The goal is to leverage the APOC procedures and the JSON tree-graph structure in order to “automatically” transform MongoDB documents into a Graph structure.

The first step is to sample the MongoDB dataset, with the apoc.mongodb.first procedure:

call apoc.mongodb.first('mongodb://mongo:neo4j@mongo:27017', 'test', 'tweets', {}) yield value
return value

The output should be something like this:

If you dive into the document you’ll find some fields like:

text : the tweet content
user : the user that published the tweet

So let's leverage these two fields in order to create a graph like this:

In order to do that we can use the mappings configuration field to extract exactly this structure:

{...
   mappings: {
      `$`: 'Tweet{!id_str,text}',
      `$.user`: 'User{!id_str,screen_name,description}'
   }
...}

Let’s describe the fields:

`$`: ‘Tweet{!id_str,text}’: transforms the root object into the Tweet node, and applies to it two fields id_str (considered as id) and text;
`$.user`: ‘User{!id_str,screen_name,description}’: transforms the user field into the User node, and applies to it three fields id_str (considered as id), screen_name and description.

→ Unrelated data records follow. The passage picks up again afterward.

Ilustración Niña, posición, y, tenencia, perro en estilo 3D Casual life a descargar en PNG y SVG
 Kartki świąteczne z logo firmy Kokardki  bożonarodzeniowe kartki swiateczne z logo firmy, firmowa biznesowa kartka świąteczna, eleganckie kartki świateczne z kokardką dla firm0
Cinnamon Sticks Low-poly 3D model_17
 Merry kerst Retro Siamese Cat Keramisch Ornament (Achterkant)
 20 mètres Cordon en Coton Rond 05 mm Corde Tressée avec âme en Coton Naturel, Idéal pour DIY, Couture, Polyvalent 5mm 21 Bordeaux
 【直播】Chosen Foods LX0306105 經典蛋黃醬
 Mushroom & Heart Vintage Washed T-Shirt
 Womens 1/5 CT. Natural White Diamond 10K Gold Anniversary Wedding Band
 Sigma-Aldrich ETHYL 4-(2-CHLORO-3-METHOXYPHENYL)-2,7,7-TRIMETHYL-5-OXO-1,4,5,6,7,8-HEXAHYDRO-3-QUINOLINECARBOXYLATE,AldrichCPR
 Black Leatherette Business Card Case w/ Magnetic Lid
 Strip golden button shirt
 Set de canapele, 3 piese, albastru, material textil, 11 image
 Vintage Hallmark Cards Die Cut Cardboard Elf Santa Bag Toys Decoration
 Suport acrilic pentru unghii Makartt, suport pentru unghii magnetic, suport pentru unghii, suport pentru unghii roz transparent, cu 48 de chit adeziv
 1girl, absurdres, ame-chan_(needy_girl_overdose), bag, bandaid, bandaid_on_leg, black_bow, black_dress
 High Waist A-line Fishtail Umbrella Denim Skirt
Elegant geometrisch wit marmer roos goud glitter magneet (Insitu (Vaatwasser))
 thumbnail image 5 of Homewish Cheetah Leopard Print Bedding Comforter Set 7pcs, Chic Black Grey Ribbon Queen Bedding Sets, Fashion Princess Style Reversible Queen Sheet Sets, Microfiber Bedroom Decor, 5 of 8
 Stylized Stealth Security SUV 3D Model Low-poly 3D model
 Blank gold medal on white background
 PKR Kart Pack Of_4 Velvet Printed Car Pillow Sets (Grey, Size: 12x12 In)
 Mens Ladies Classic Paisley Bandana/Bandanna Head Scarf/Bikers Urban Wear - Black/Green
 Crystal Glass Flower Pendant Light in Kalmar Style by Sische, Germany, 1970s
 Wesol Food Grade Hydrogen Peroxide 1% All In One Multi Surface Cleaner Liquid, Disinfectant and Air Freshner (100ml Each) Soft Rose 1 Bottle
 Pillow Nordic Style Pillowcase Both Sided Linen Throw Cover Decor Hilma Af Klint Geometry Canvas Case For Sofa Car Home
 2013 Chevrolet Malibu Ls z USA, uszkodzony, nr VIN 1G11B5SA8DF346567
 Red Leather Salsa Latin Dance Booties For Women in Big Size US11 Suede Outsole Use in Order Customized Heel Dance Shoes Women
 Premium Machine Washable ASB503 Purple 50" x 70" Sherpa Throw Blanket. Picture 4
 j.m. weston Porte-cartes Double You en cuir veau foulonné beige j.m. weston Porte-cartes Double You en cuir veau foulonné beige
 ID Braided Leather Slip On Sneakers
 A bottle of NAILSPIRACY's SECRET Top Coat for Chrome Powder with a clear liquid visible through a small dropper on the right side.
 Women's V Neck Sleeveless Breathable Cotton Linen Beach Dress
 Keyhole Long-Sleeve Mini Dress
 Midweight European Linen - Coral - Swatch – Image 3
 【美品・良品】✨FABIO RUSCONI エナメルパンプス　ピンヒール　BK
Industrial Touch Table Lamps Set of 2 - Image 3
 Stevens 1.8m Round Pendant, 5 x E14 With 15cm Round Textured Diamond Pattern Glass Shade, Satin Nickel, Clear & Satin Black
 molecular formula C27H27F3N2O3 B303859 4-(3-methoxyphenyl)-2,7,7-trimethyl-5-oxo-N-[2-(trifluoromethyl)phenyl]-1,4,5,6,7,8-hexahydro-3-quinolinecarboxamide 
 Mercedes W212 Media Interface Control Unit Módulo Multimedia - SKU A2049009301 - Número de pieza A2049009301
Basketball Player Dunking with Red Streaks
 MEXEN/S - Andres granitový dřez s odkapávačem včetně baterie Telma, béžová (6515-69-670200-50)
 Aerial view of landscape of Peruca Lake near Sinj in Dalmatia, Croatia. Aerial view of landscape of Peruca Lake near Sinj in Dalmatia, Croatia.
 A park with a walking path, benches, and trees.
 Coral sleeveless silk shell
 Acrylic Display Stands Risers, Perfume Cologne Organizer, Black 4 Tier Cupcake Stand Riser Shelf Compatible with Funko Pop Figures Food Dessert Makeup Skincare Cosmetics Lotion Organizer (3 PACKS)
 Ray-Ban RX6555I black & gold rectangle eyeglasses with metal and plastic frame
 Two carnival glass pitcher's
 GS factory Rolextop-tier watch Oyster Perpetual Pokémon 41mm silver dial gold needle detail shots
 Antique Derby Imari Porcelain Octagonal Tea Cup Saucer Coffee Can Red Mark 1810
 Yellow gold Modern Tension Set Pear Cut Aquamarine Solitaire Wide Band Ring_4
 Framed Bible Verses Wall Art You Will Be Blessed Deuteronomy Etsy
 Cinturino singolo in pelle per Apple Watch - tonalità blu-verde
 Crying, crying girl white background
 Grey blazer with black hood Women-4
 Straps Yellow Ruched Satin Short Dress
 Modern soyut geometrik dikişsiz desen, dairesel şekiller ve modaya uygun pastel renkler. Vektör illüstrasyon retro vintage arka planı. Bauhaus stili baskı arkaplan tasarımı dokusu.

At this point we can chain the mongo procedure with the apoc.graph.fromDocument procedure in order to import our documents as a graph with the following query:

CALL apoc.mongodb.get('mongodb://mongo:neo4j@mongo:27017', 'test', 'tweets', {}, true) YIELD value
CALL apoc.graph.fromDocument(value, {write: true, skipValidation: true, mappings: {`$`: 'Tweet{!id_str,text}',`$.user`: 'User{!id_str,screen_name,description}'}}) YIELD graph AS g1
return g1

The output should be something like this:

The imported MongoDB collection into Neo4j

Final thoughts

We saw how to leverage te apoc.graph.fromDocument procedure in order to transform any JSON data into a graph, and in particular we saw how to chain this procedure in order to simply import MongoDB collections into Neo4j by automatically transform the document into a graph.

Please try it by yourself by cloning the demo repository and feel free to fill an issue into the APOC repository if you want new features!